Isu ketiga yang tak kalah penting adalah institusi sosial. Bagaimana umat manusia bisa bertahan hidup (survival) dan berevolusi dalam jangka panjang merupakan hasil dari kerjasama (cooperation) dan ikatan (bonding) yang kuat dalam suatu lingkungan sosial. Kemampuan tersebut bergantung pada sikap baik (general niceness) yang pada akhirnya akan berujung pada rasa saling percaya (trust). Dengan berkelompok, seorang individu beroleh manfaat dan memiliki tingkat bertahan hidup yang lebih tinggi. Bagaimana seorang individu diizinkan untuk bergabung dan mendapat manfaat dari kelompok tersebut bergantung pada reputasinya untuk berperilaku kooperatif.

Dalam kehidupan masyarakat tradisional, interaksi dilakukan dengan orang-orang dekat dan cenderung akan melakukan interaksi kembali dalam waktu dekat. Dengan demikian, tidak ada insentif untuk bertindak agresif atau berlaku oportunis dari anggota masyarakat yang lain. Institusi sosial, baik itu bersifat formal maupun informal, memberi pengaruh perilaku masyarakat. Semakin kuat dan terpercaya suatu institusi, maka semakin tinggi pula tingkat proteksionisme yang diberlakukan.
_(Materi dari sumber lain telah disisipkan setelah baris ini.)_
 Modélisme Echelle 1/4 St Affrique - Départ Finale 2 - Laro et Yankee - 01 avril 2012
Dalam konteks masyarakat tradisional yang mengandalkan kehidupan berburu dan meramu, kerjasama dan berbagi menjadi motivasi yang kuat untuk bisa bertahan hidup. Lingkungan sosial memiliki aturan yang mengatur interaksi sosial mereka secara kuat dan mapan. Mereka terikat pada kedekatan fisik, identitas dan reputasi yang melekat, serta mekanisme reward dan punishment yang jelas. Dalam interaksi masyarakat modern berbasis internet dan media sosial, hal-hal tersebut tidak berlaku. Teknologi digital justru menawarkan jarak (distance), anonimitas identitas, dan risiko serta hukuman yang rendah terhadap perilaku yang buruk.
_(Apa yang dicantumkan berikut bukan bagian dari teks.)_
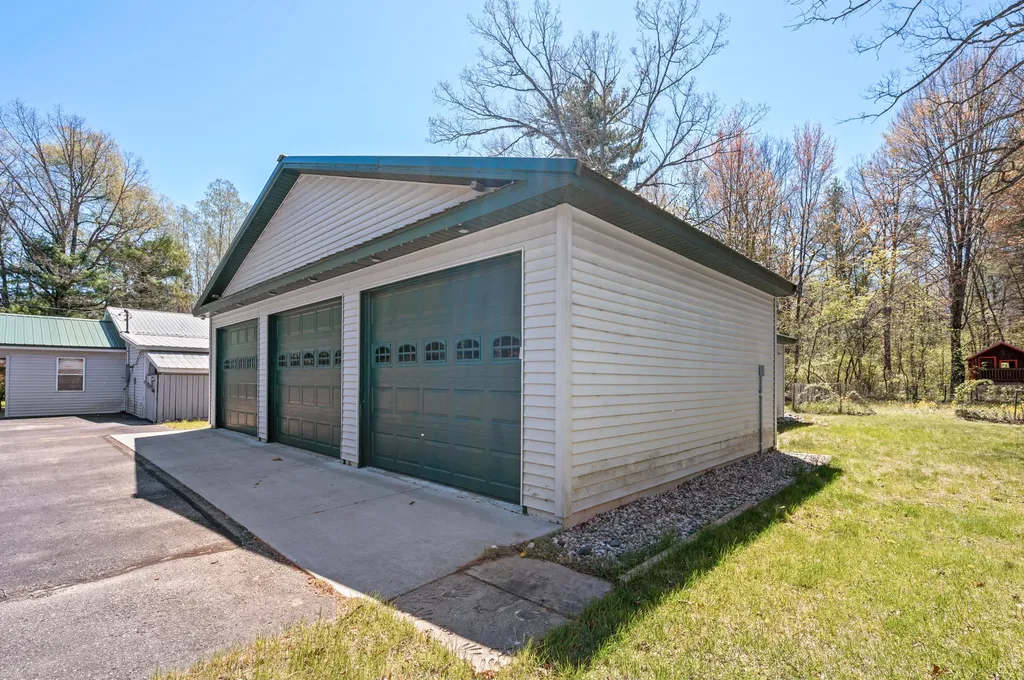 19055 12 Mile Road Mecosta Township MI 49307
Ketiadaan struktur sosial dan institusi tersebut mendorong hilangnya keberadaban di internet dan media sosial. Dalam banyak kasus, mungkin tidak akan ada seorang pun yang tahu perbuatan jahat Anda di dunia maya. Tak heran, bila kita memperlakukan orang asing di dunia nyata dengan penuh hormat dan tenggang rasa, maka di dunia maya mudah bagi kita untuk berperilaku kasar dan intoleran. Tidak ada insentif bagi kita untuk berbuat bagi. Tidak ada juga hukuman bagi kita bila kita melakukan perbuatan buruk.
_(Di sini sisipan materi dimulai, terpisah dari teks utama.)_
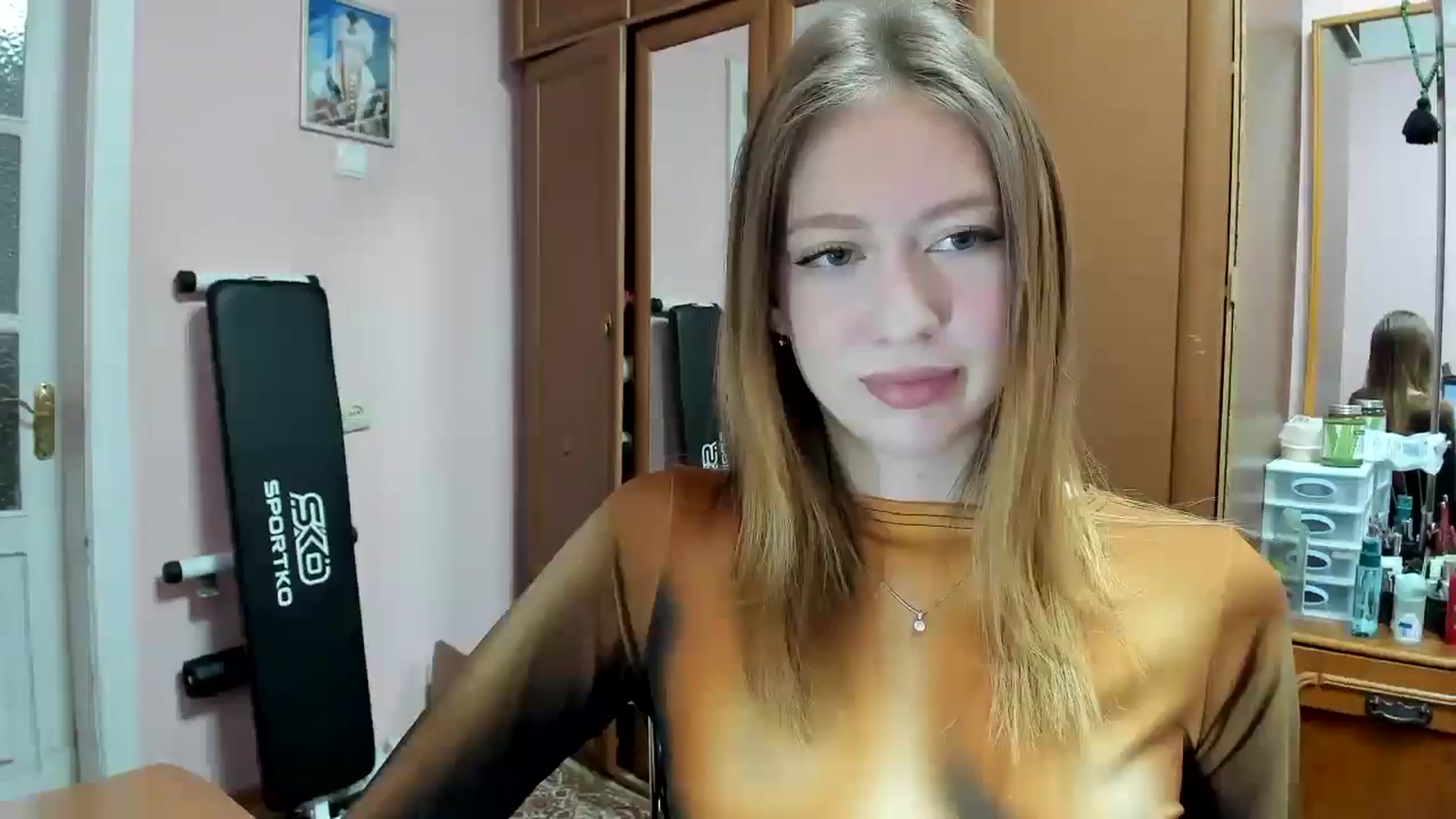 Gallery image thumbnail from RoboSasha's myfreecams stream on, 02/06/2025, 13:03 image 11 of 20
Tak dapat dielakkan bahwa kemajuan dunia modern terletak pada kemampuan kita sebagai manusia untuk mengkomunikasikan berbagai ide dan gagasan yang progresif. Internet dan media sosial menawarkan peluang kerjasama dan jejaring komunikasi yang tak tertandingi. Namun, alih-alih merangkul semua manusia secara luas, internet dan media sosial nampaknya justru akan mendorong kita kembali kepada aspek kesukuan (tribalisma) dan konflik. Dus, teknologi digital yang semula digadang-gadang dapat menyatukan umat manusia terlihat menjadi suatu gagasan yang terlalu naif.

Tentu saja, mengembalikan internet dan media sosial yang beradab adalah pekerjaan besar yang menjadi tanggung jawab kita bersama. Pemerintah selaku regulator perlu mengawasi dan mengawal jalannya kehidupan di dunia maya untuk menjamin adanya mekanisme punishment yang tepat bagi para pembuat onar. Pebisnis dan pemilik platform tentu perlu terus menerus mengembangkan algoritma mereka agar bisa mengkurasi konten dengan lebih akurat. Namun, selagi menunggu semua hal tersebut dapat terwujud, lebih penting bagi kita untuk kembali mengevaluasi perilaku dan kebiasaan kita di dunia maya. Jangan sampai satu jari kita menunjuk orang-orang di luar sana, sementara empat jari yang lain sesungguhnya menuding diri kita sendiri.